This option outlines a domestic portfolio alternative and recommends integrated modelling before any irreversible LNG commitment. A severe dry year creates a 1.5–2.0 TWh seasonal energy shortfall, typically concentrated in winter, coinciding with peak demand.
Portfolio Option
- Hydro operated as seasonal storage (governance reform, not new build).
- 2–3 TWh renewable overbuild (wind-led, winter-aligned).
- 40% rooftop solar penetration over time (reduces hydro drawdown earlier in the year).
- 1M EVs with managed charging and partial V2G capability.
- Flexible ammonia export load (interruptible within minutes, absorbs excess renewables, profits to sovereign wealth fund - SWF).
- Moderate grid-scale battery deployment (2–4 GW / 8–16 GWh).
Engineering logic
- Renewable overbuild reduces annual hydro depletion by ~2 TWh.
- Rooftop solar reduces daytime and shoulder-season hydro usage.
- V2G reduces evening peak draw, preserving lake levels.

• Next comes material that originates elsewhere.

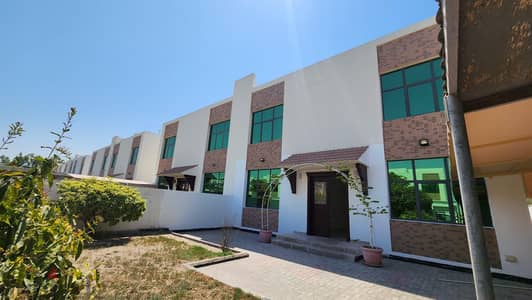 ,للايجار كامبوند فيلا في سندcompund villa for rent in Sanad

- Ammonia plants shed up to 500 MW instantly during tight supply.
- Hydro retains 4–5 TWh seasonal storage capacity.
Under expected-value modelling, the combined effect offsets the modeled 1.5–2 TWh dry-year deficit. LNG becomes tail-risk only for multi-year inflow failure combined with low wind.
2. Capacity Adequacy: What About Peak Risk?

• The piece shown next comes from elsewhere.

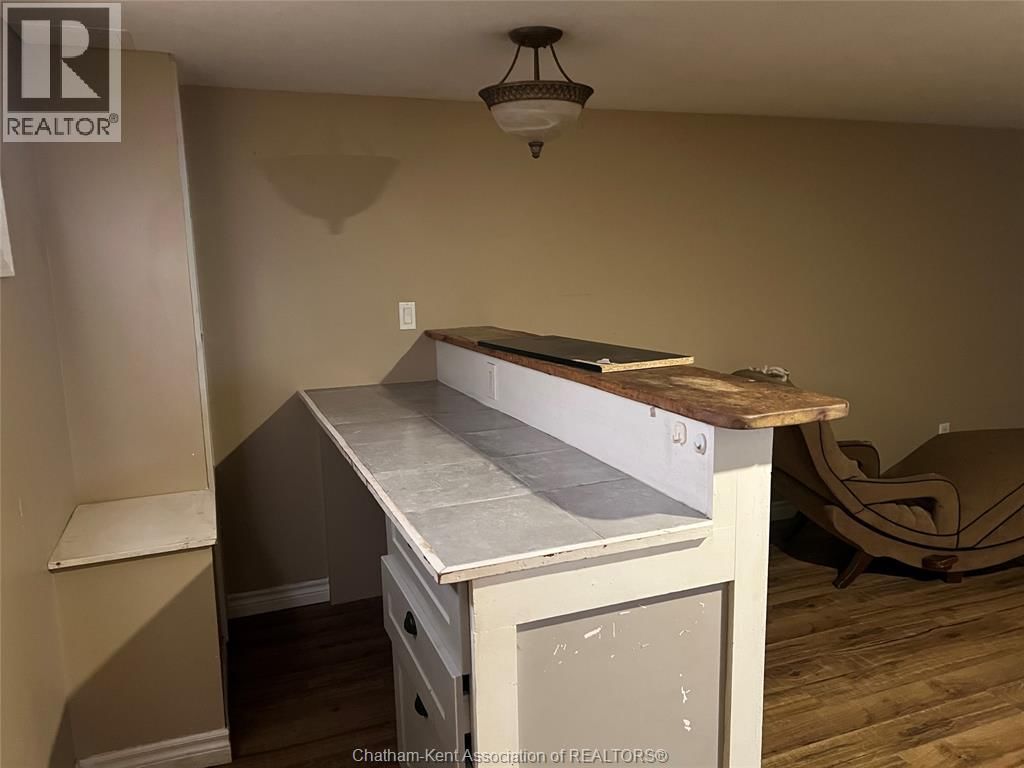 77 FLORENCE STREET Image 12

LNG addresses seasonal energy. It does not materially improve peak flexibility without gas-fired generation capacity.
Portfolio peak management tools:
- V2G: up to 1.5 GW peak elasticity at 1M EV penetration.
- Residential batteries: distributed short-duration discharge.

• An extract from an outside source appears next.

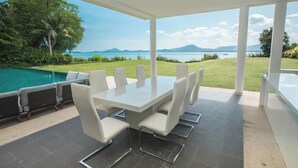 Outdoor dining - Yamu Beachfront 7Bedroom Estate Villa (Thalang District)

- Grid batteries: firm 2–4 hour peak cover.
- Flexible industrial load shedding (ammonia, more purchased from SWF).
Peak adequacy is therefore strengthened relative to LNG-only insurance.
3. Market Signals: Does Overbuild Crash Prices?
Industry concern: excess renewables suppress wholesale prices and deter investment.
Response:
- Flexible ammonia creates a price floor by absorbing surplus.
- Electrification increases controllable demand.
- Hydro seasonal optimisation reduces scarcity premiums.
- Sovereign fund reduces need for scarcity rents to fund reliability.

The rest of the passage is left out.